*** DATA FOR THE TASK ***

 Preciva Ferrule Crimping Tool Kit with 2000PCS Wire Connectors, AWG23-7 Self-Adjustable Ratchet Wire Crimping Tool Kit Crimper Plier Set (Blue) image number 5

*** End of DATA FOR THE TASK ***
*** DATA FOR THE TASK ***

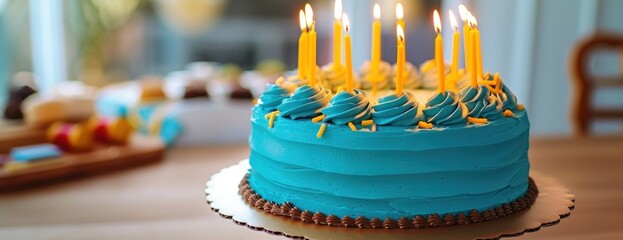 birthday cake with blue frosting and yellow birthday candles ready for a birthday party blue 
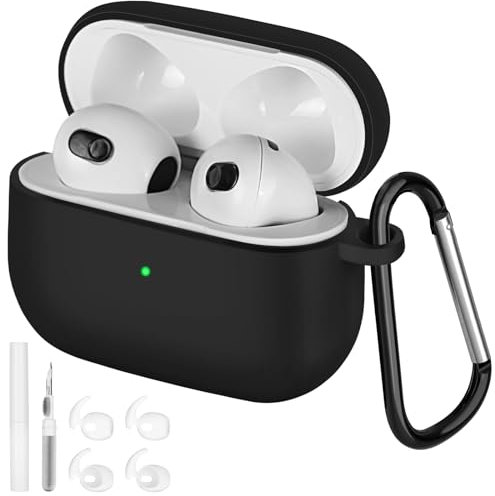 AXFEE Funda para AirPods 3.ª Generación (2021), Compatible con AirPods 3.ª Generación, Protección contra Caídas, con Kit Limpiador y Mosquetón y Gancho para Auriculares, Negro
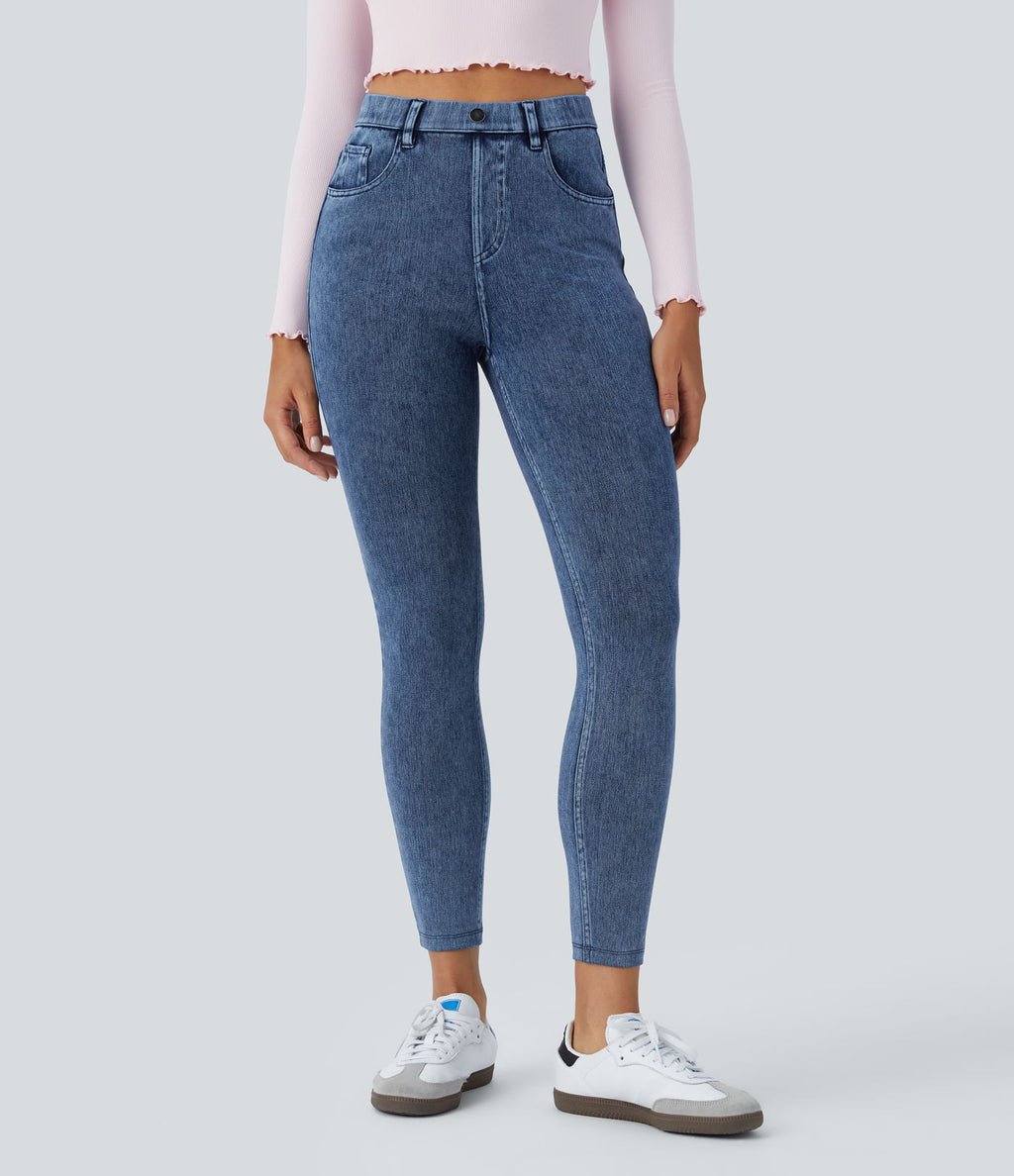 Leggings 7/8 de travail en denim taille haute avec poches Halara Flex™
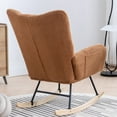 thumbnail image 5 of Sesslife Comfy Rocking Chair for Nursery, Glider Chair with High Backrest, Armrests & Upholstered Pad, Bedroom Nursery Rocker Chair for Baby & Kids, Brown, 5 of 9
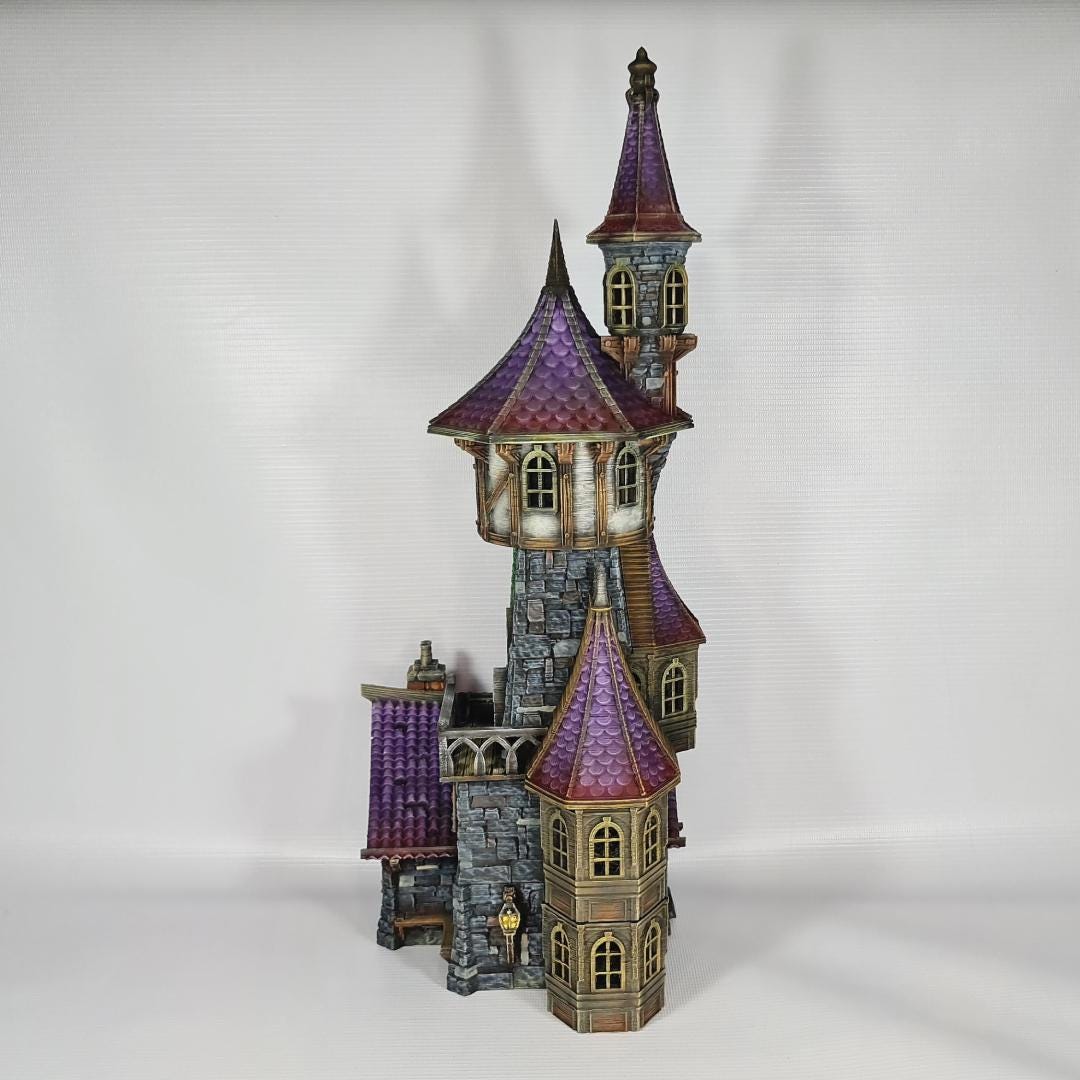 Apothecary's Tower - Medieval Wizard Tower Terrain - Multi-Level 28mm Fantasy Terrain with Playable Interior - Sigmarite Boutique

*** End of DATA FOR THE TASK ***
*** DATA FOR THE TASK ***

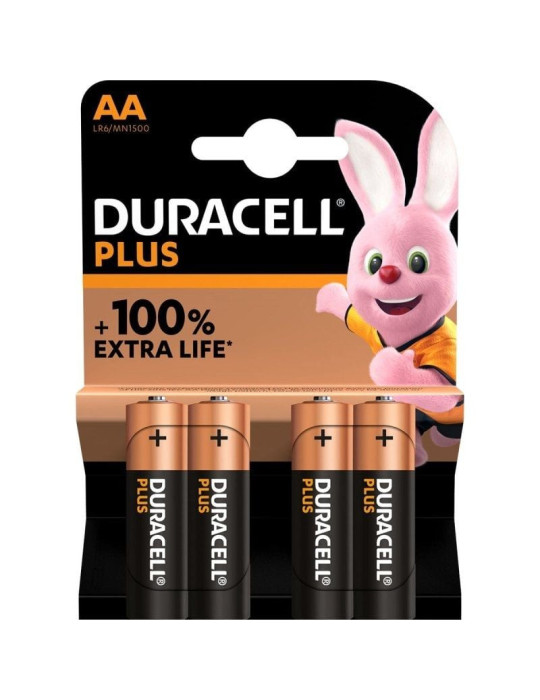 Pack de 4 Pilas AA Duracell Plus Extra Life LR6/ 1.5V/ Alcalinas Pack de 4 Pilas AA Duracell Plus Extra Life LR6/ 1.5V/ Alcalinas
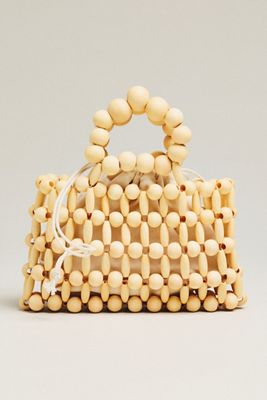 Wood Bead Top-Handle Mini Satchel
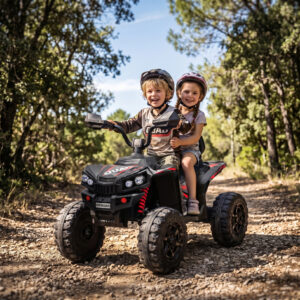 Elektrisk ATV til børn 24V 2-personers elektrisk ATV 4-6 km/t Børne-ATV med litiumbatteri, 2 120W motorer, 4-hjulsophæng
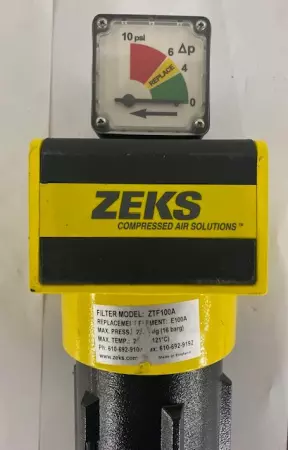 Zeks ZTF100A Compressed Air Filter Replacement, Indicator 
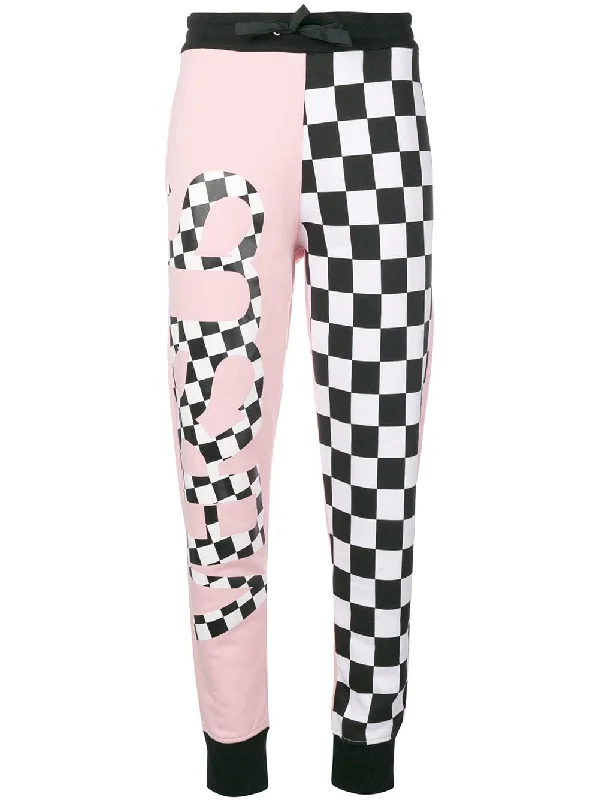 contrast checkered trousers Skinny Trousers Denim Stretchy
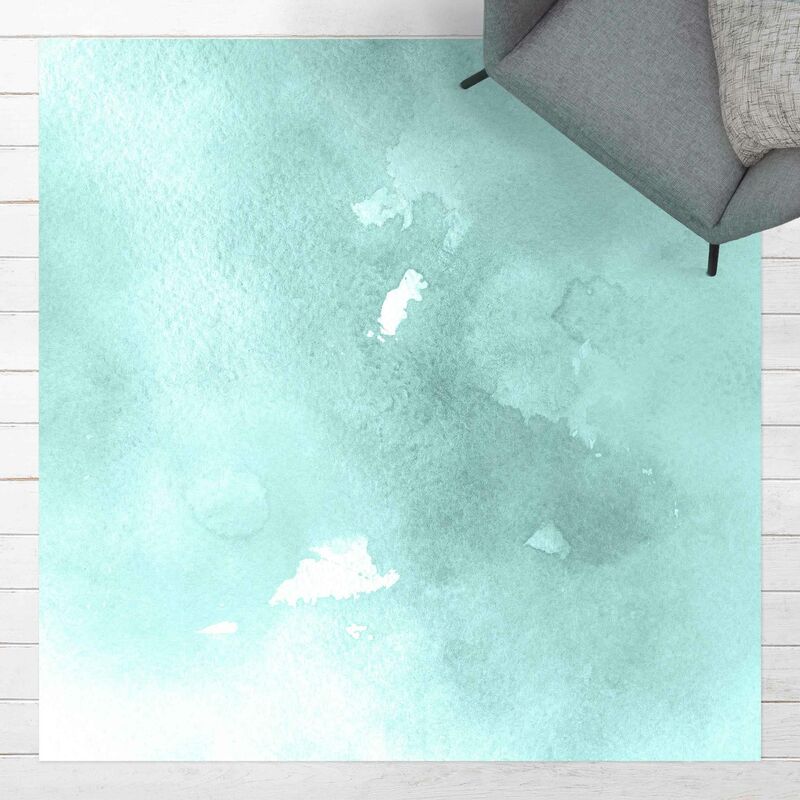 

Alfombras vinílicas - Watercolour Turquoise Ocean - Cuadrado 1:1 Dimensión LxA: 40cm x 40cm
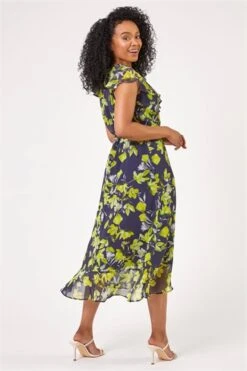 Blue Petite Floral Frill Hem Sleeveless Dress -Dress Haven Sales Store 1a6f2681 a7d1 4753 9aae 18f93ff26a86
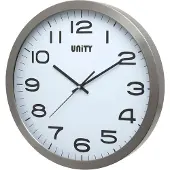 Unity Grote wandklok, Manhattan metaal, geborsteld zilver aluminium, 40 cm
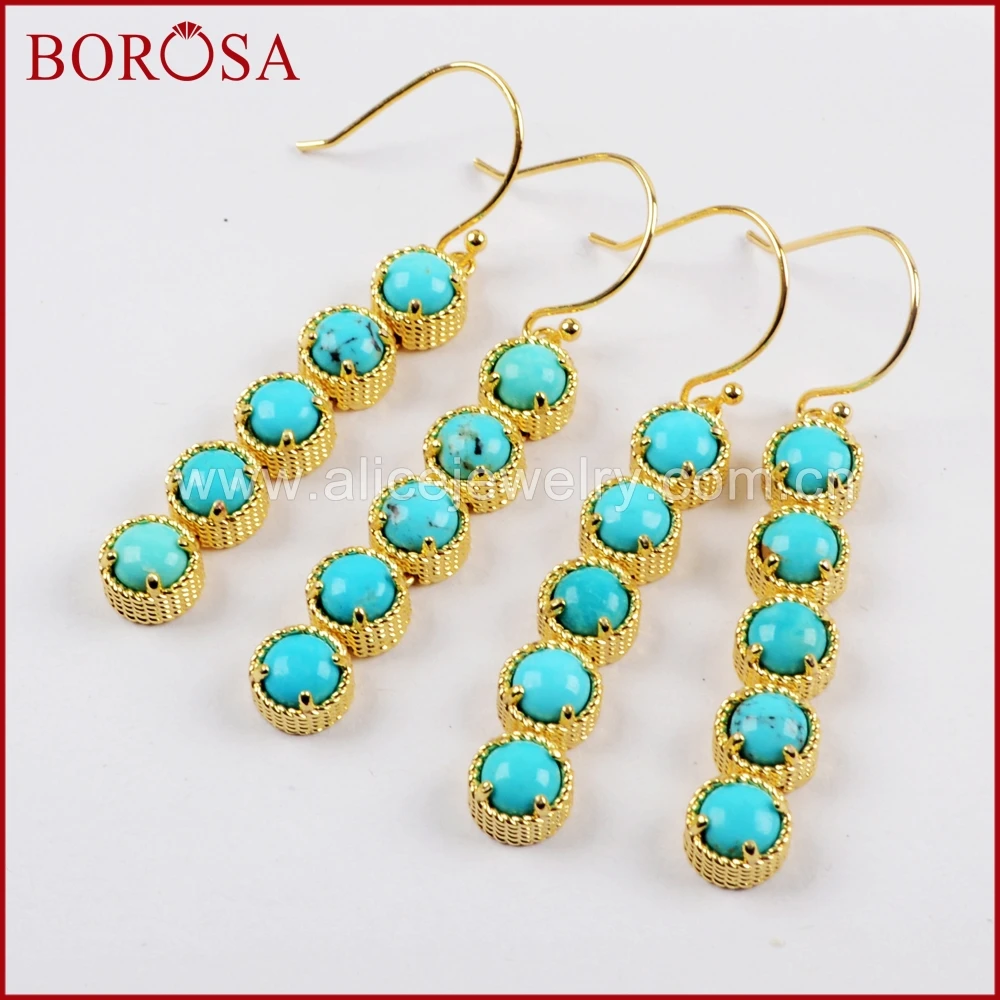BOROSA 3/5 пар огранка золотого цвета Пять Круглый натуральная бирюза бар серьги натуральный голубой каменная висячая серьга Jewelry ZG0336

*** End of DATA FOR THE TASK ***

YOUR GOAL
Within the listing above, find the line containing "Zeks ZTF100A Compressed" and the line containing "BOROSA 3/5 пар". Transcribe them and everything between them exactly, leaving out the pictures.

YOUR SOLUTION
 Zeks ZTF100A Compressed Air Filter Replacement, Indicator 
 contrast checkered trousers Skinny Trousers Denim Stretchy

Alfombras vinílicas - Watercolour Turquoise Ocean - Cuadrado 1:1 Dimensión LxA: 40cm x 40cm
 Blue Petite Floral Frill Hem Sleeveless Dress -Dress Haven Sales Store 1a6f2681 a7d1 4753 9aae 18f93ff26a86
 Unity Grote wandklok, Manhattan metaal, geborsteld zilver aluminium, 40 cm
BOROSA 3/5 пар огранка золотого цвета Пять Круглый натуральная бирюза бар серьги натуральный голубой каменная висячая серьга Jewelry ZG0336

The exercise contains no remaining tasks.